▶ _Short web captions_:

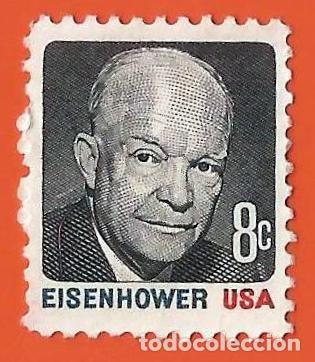 Sellos: Estados Unidos. 1971. Scott # 1394. Dwight D. Eisenhower, 34&ordm; Presidente de USA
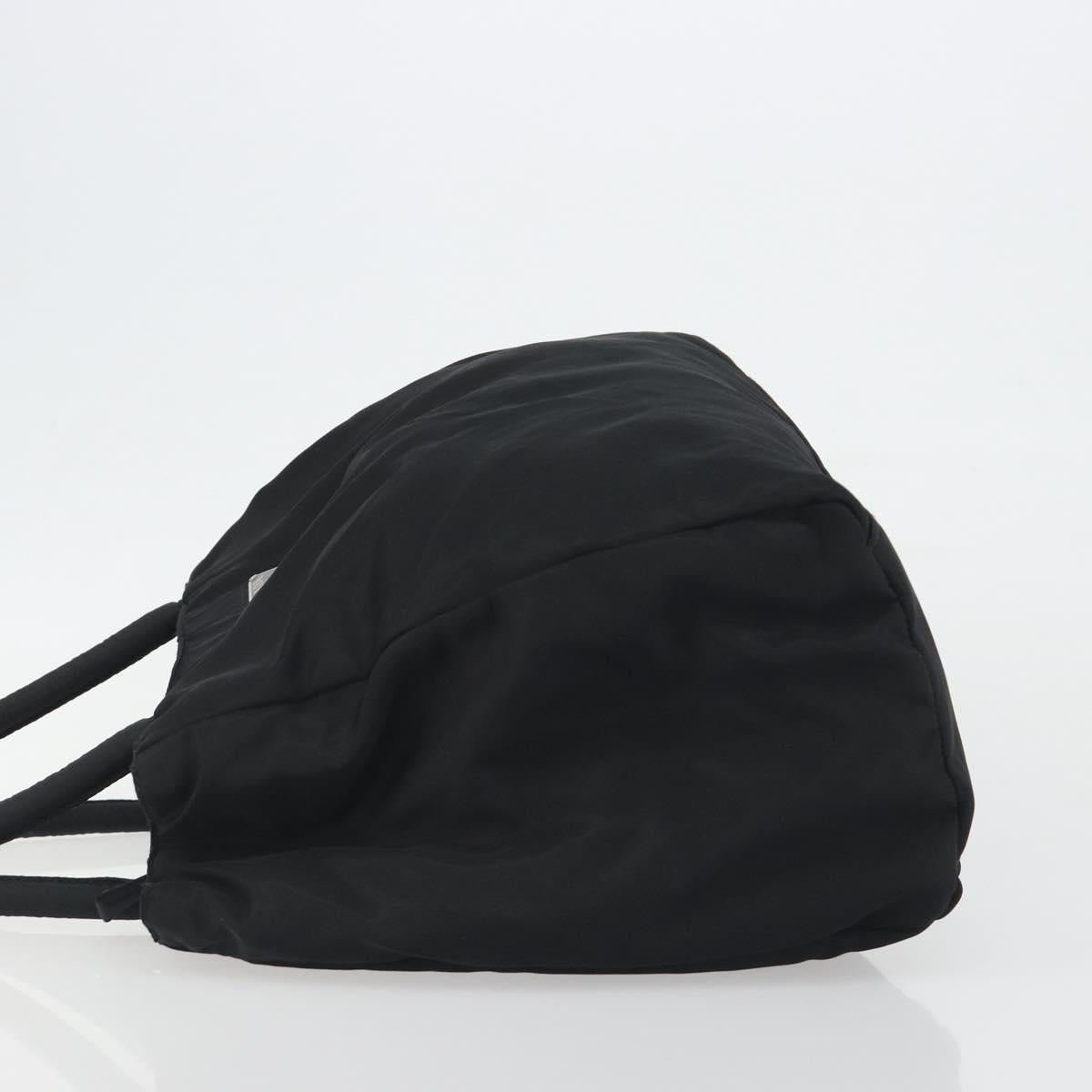PRADA Hand Bag Nylon Black Silver Auth 194017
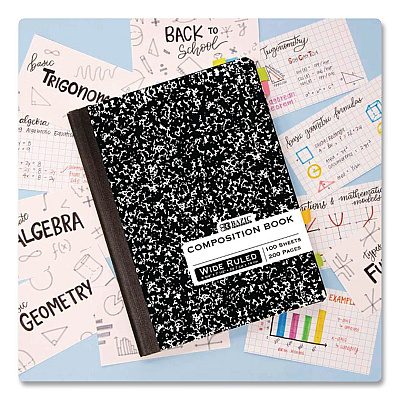 BAZIC Composition Books, 1 Subject, Wide/Legal Rule, Black Marble Cover, (100) 9.75 x 7.5 Sheets (508)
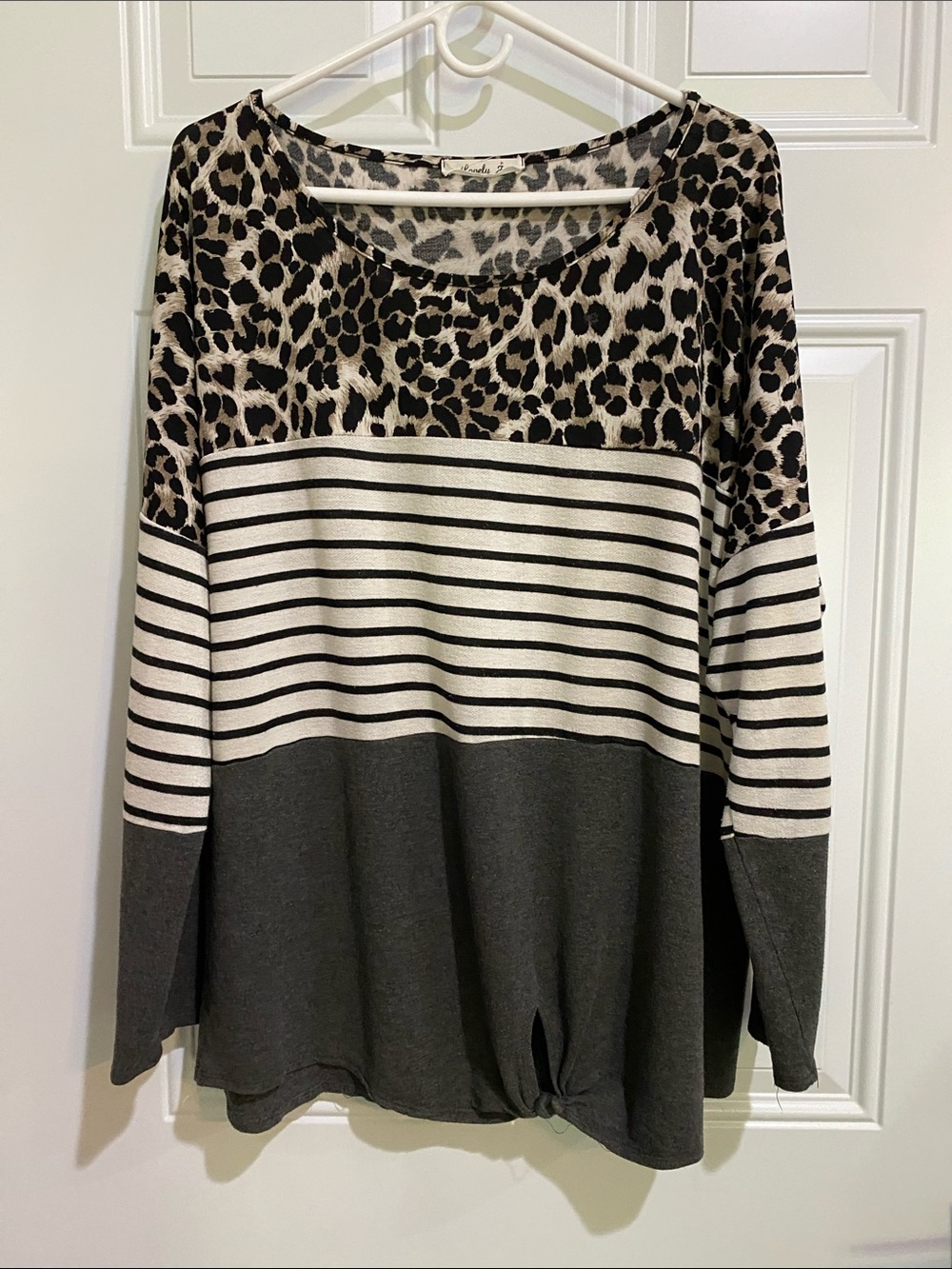 Leopard & Stripe Long Sleeve Women's Top - Black/White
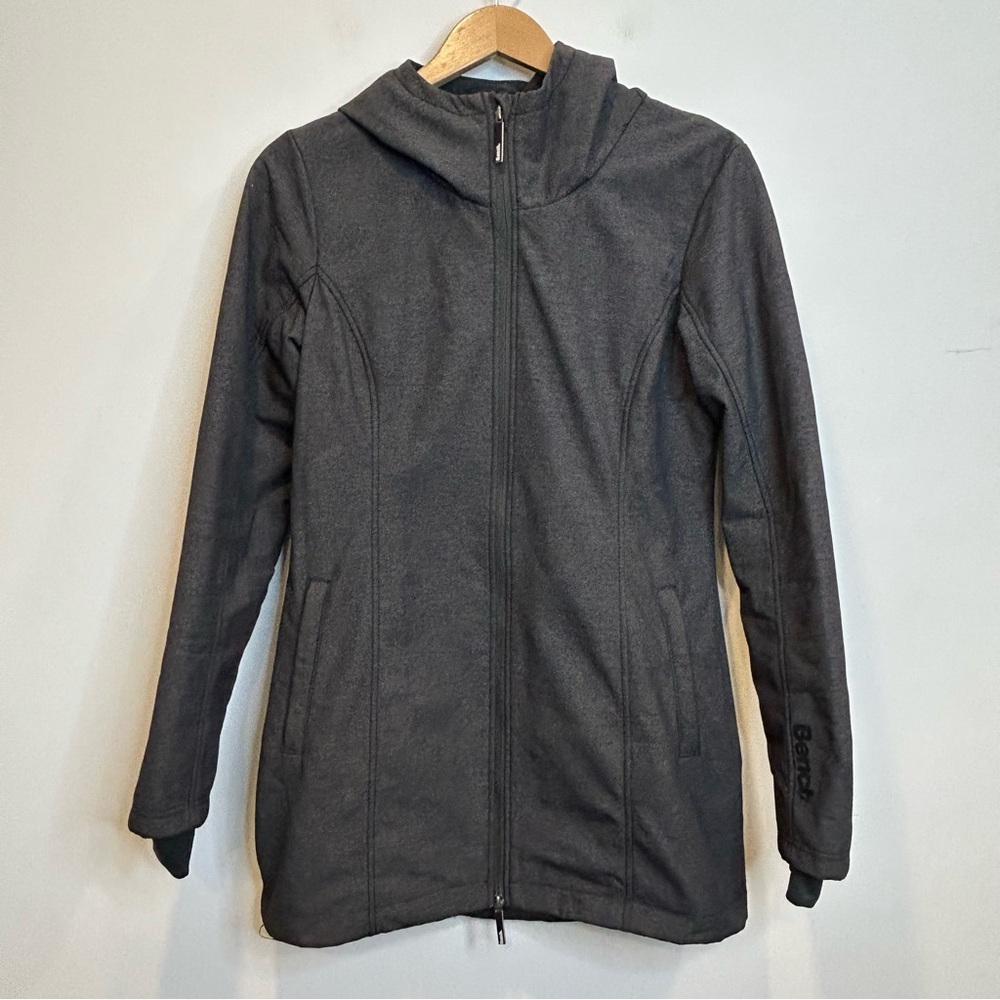 Bench Women's Everyday Long Waterproof Softshell Hooded Full Zip Jacket Grey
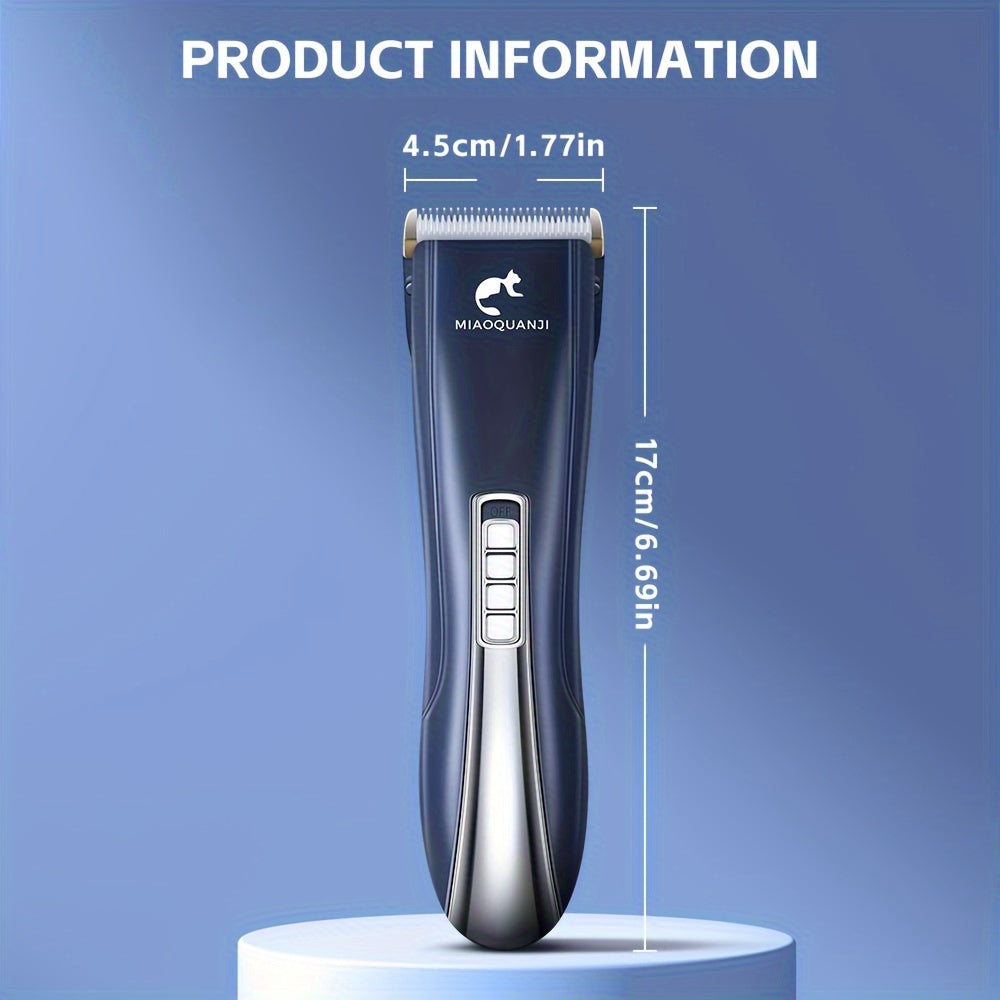 Professional Pet Grooming Clipper, USB Rechargeable Cordless Low-Noise Electric Dog and Cat Hair Trimmer for All Breeds, Home and Salon Use, Black/Blue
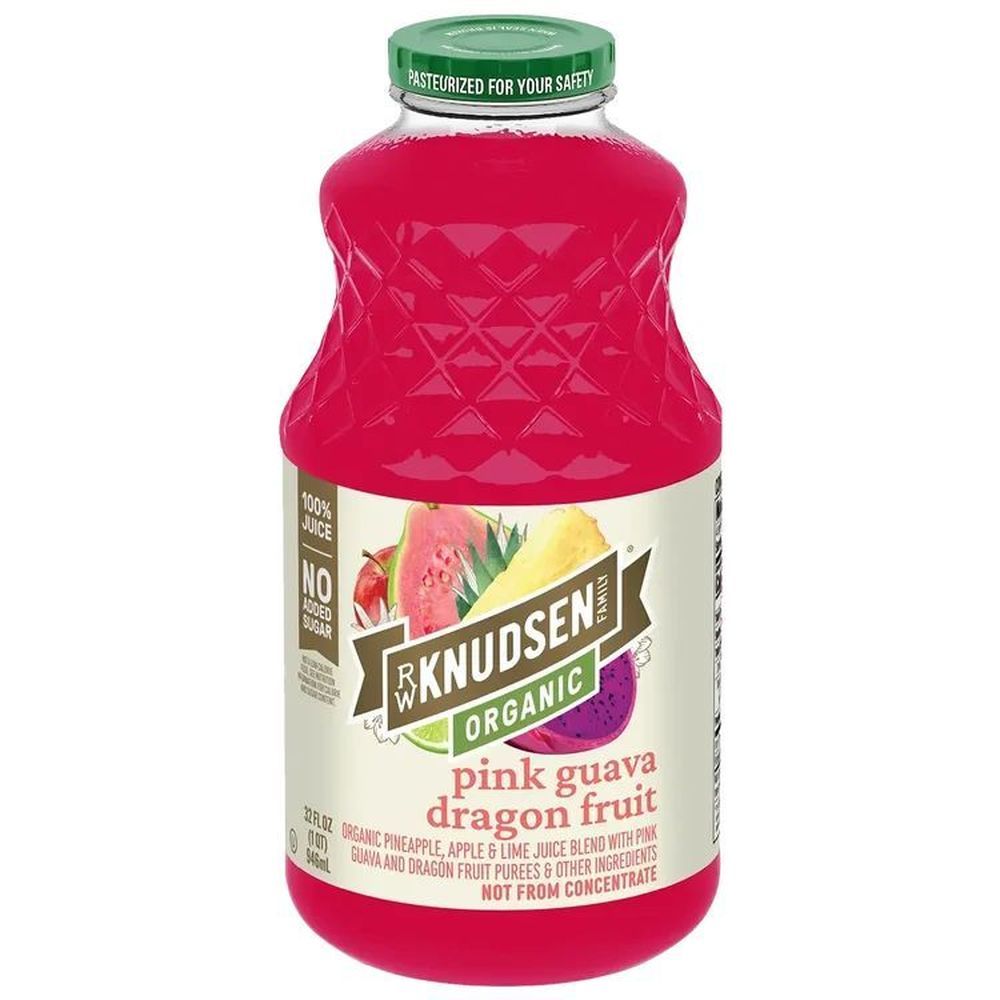 Rw Knudson Organic Pink Guava Dragon Fruit Juice, 32 Fluid Ounce -- 6 Per Case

▶ _To do_: With every picture removed, give the entries above again exactly.

▶ _Exercise response_:
 Sellos: Estados Unidos. 1971. Scott # 1394. Dwight D. Eisenhower, 34&ordm; Presidente de USA
PRADA Hand Bag Nylon Black Silver Auth 194017
 BAZIC Composition Books, 1 Subject, Wide/Legal Rule, Black Marble Cover, (100) 9.75 x 7.5 Sheets (508)
 Leopard & Stripe Long Sleeve Women's Top - Black/White
 Bench Women's Everyday Long Waterproof Softshell Hooded Full Zip Jacket Grey
 Professional Pet Grooming Clipper, USB Rechargeable Cordless Low-Noise Electric Dog and Cat Hair Trimmer for All Breeds, Home and Salon Use, Black/Blue
 Rw Knudson Organic Pink Guava Dragon Fruit Juice, 32 Fluid Ounce -- 6 Per Case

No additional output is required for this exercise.